# closure of nets in von-Neumann algebras

I found the following assertion in my class notes, but i did not understood why doe's it holds:

"Suppose that in an infinite-dimensional von Neumann algebra there is an increasing net $$\{p_j\}$$ of projections with $$p_j\nearrow 1$$ and $$p_j\ne 1$$ for all $$j$$. Then the subspace $$P=\overline{\operatorname{span}}\{p_j:\ j\}$$ does not contain $$1$$."

It is a basic fact of von Neumann algebras that any bounded, totally ordered net of self-adjoints has a supremum, and said supremum is the sot (wot, etc) limit of the net. but I can't see why doesn't 1 belongs in P.

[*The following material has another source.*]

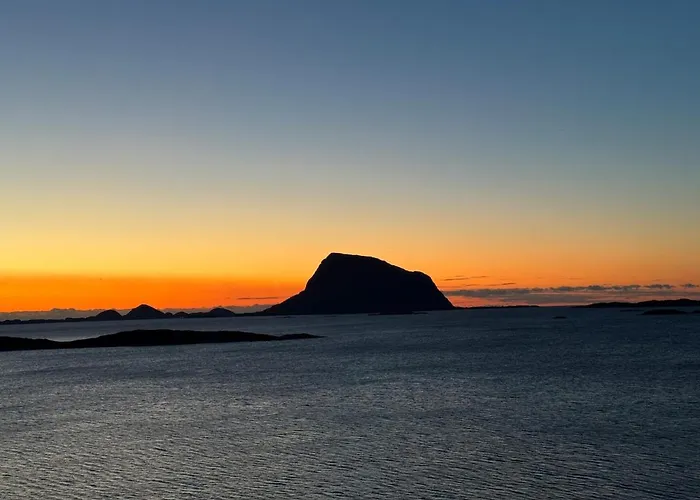 Sunset Island Retreat, Ocean With Hot Tub Vakantiehuis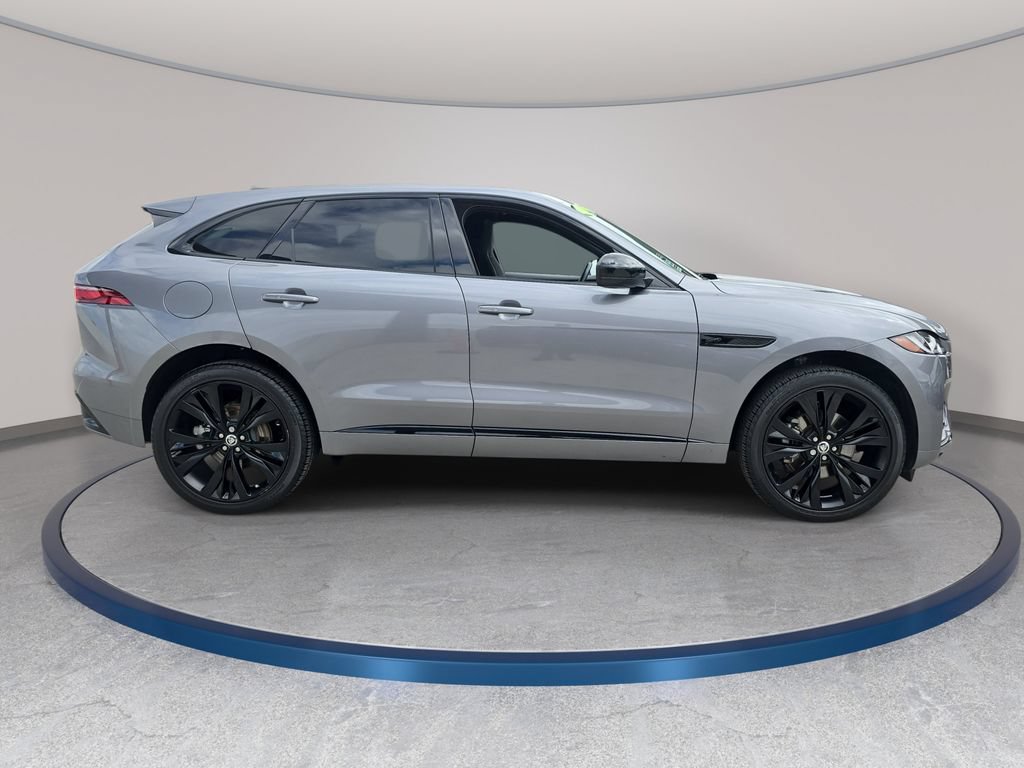 Certified 2025 Jaguar F-PACE R-Dynamic S AWD/4WD image 4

Suppose $$p_1,..., p_n$$ are projections $$≤p$$ for some projection $$p<1$$. Then for any scalars $$a_1,...,a_n$$ you have:

$$\|1-a_1\,p_1+...a_n\,p_n\|≥1.$$

The simplest way to see this is to consider a representation on some Hilbert space. Then since $$p<1$$ you have some $$x\in\mathrm{im}(p)^\perp$$, which is necessarily also in $$\mathrm{im}(p_i)^\perp$$ for all $$i$$ since $$p_i≤p$$. You then get:

$$(1-a_1p_1+...+a_np_n)(x)=x,$$ which implies the inequality above. Now in your situation if you have some linear combination of projections from the net there is a common supremum in the net of these projections. This supremum must $$<1$$ because $$1$$ is not in the net. Then the above inequality implies that the linear combination has distance $$≥1$$ from the operator $$1$$.